Recognition must be given to those determined to make a change and to the negotiators who have persevered so far. But on the surface, it does appear unlikely that they will succeed.
The question is whether both parties have a genuine desire by to reach an agreement.
“Negotiation in the classic diplomatic sense assumes parties more anxious to agree than to disagree.” – Dean Acheson
We have reasons to believe that there such a desire. China has been consistent in its message that it wants to find a solution. The US less so, but Trump’s willingness to meet with Xi Jinping during the June 28-29 G20 summit in Osaka is cause for some optimism.
Derailment – what went wrong in May?
Lets look at what happened in May to help us understand what could happen next. We do not know the details, but we understand that consensus had been reached on many topics.
Craig Allen, president of the US-China Business Council, nicely summarized the situation recently by using a business analogy and pointing out that a deal had basically been reached, but that “They told their lawyers go and write down the agreement. When the lawyers came back with the agreement, they said ‘oh my god, that’s not what we agreed’. This is quite normal in trade negotiations, in any negotiation. You can reach an agreement in principle, but the actual details are much more difficult” (See SCMP article of June 21)
Those of us who have negotiated agreements in China, especially complex ones, realize how true this is. Prolonged discussions eventually lead to a meeting of minds, a handshake, and then the agreement must be documented. Words on paper are unforgiving and usually causes a number of problems, including:
- Ideas have to be presented in clear legal terms without offending the parties.
- Intent must be supported by enforcement mechanisms legally valid in both countries
- Translations can be very tricky
- Third party review of the written agreement often leads to objections
If the agreement process is hard for relatively simple commercial deals, one can imagine how hard it must be for such a huge endeavor.
On top of that, we should consider the human element: the two negotiation teams are large, which is normal, given the task they face, but it can also be problematic – “too many cooks spoil the broth”.
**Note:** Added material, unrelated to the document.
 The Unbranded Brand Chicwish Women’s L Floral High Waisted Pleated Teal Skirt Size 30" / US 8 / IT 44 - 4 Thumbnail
Robert Lighthizer (US Trade Representative); Steven Mnuchin (Treasury Secretary) and Wilbur Ross (Secretary of Commerce) are all accomplished and opinionated negotiators who may have different objectives and views on certain words or concepts in the final agreement.
Liu He (Chinese Vice-Premier) too would be confronted by his own hawks and doves and be called upon to explain why specific details were agreed, especially given China’s sensitivity about respect and sovereignty. And then both parties would be back at the negotiation table, with additional stress and perhaps forced to change certain terms that had previously agreed on. All this is quite predictable.
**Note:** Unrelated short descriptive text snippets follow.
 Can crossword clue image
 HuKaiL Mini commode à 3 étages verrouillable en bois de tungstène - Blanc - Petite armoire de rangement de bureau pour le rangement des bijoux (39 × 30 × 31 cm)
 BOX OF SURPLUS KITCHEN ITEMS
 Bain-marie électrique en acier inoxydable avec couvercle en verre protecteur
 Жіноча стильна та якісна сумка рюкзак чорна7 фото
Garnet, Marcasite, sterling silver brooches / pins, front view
On the plus side, the negotiators will benefit from the work done so far. Dealing with an existing document is easier than to create one. But in the process of fine-tuning it they must consider at least 3 things:
- Be mindful of deal breakers. Each party has certain conditions that are not negotiable; these are:
- For the US:
- Steps taken towards a trade balance must be clear;
- Tariffs must be made equal (eventually);
- Clear commitment to provide fair access to the China market
- Consensus must be reached on IP issues
- Commitments must be verifiable and enforceable.
- For China:
- Tariffs must be rolled back to ‘status quo ante’
- Sovereignty must be respected, meaning that the US can demand results, but cannot dictate by what internal steps China will secure them.
- China must be treated with respect, as an equal.
- Have a clear focus on issues: This is a trade dispute and the arguments must be confined to facts of trade. Negotiators should not attempt to fix all US-China relations with this one agreement. They should not involve other considerations such as:
- Concerns about China’s growing economic strength
- The competitive rise of China’s hi-tech industry
- China’s reforms and political system
- Ensure legitimacy: Proposals must be seen as legitimate and fair. And commitments must be binding and not easily changeable.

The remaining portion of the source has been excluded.